- [Input]:
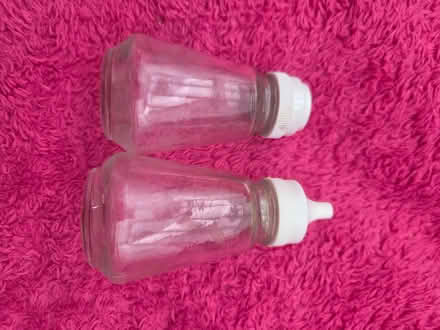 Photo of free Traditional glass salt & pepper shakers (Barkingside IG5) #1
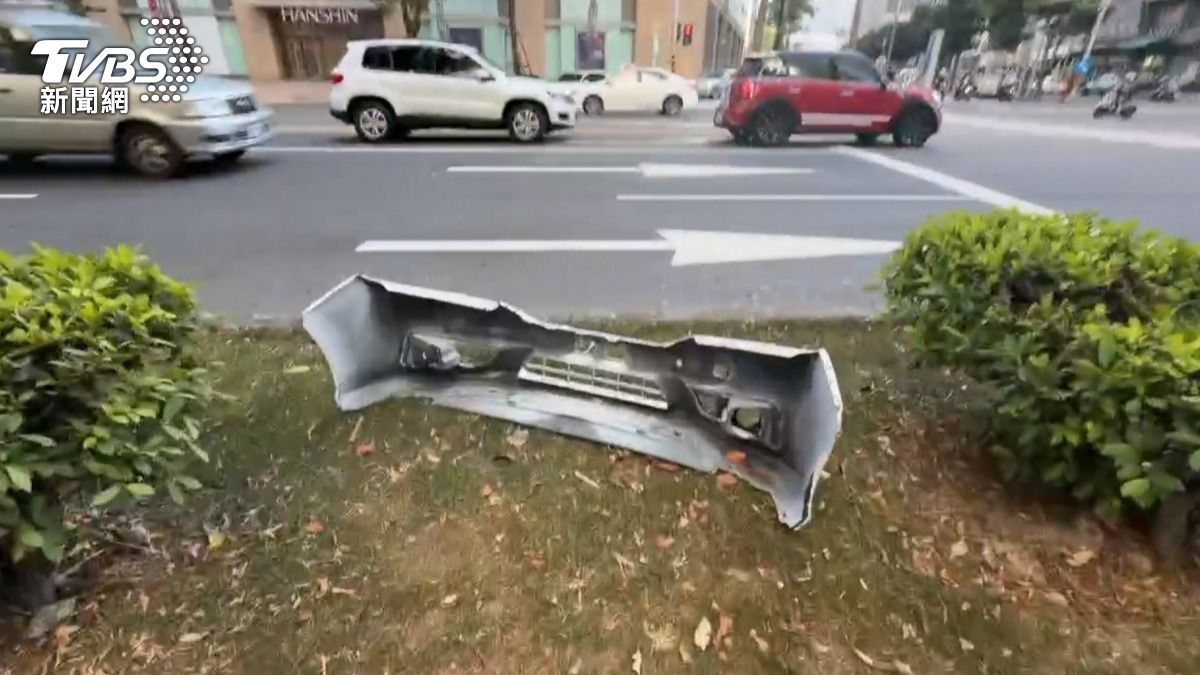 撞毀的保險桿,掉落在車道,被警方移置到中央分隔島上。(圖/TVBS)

...

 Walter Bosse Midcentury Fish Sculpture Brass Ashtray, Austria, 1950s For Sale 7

* * *

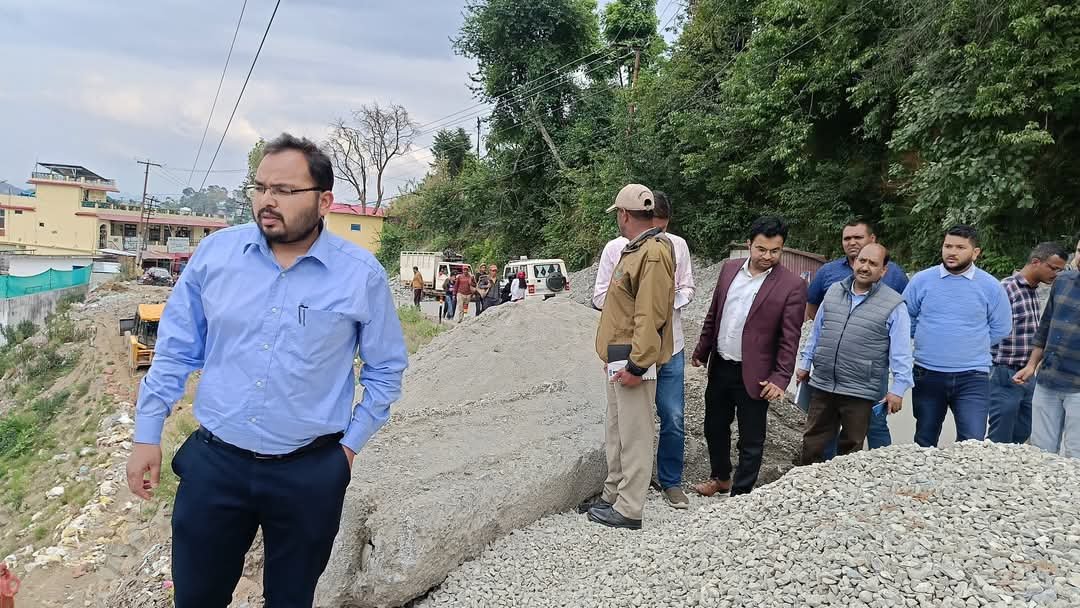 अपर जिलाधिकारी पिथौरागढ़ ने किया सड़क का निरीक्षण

- [Exercise directions]: Return the lines above from the one with "Photo of free" through the one with "撞毀的保險桿,掉落在車道,被警方移置到中央分隔島上。(圖/TVBS)", verbatim and nothing else. Omit every picture.

- [Exercise solution]:
 Photo of free Traditional glass salt & pepper shakers (Barkingside IG5) #1
 撞毀的保險桿,掉落在車道,被警方移置到中央分隔島上。(圖/TVBS)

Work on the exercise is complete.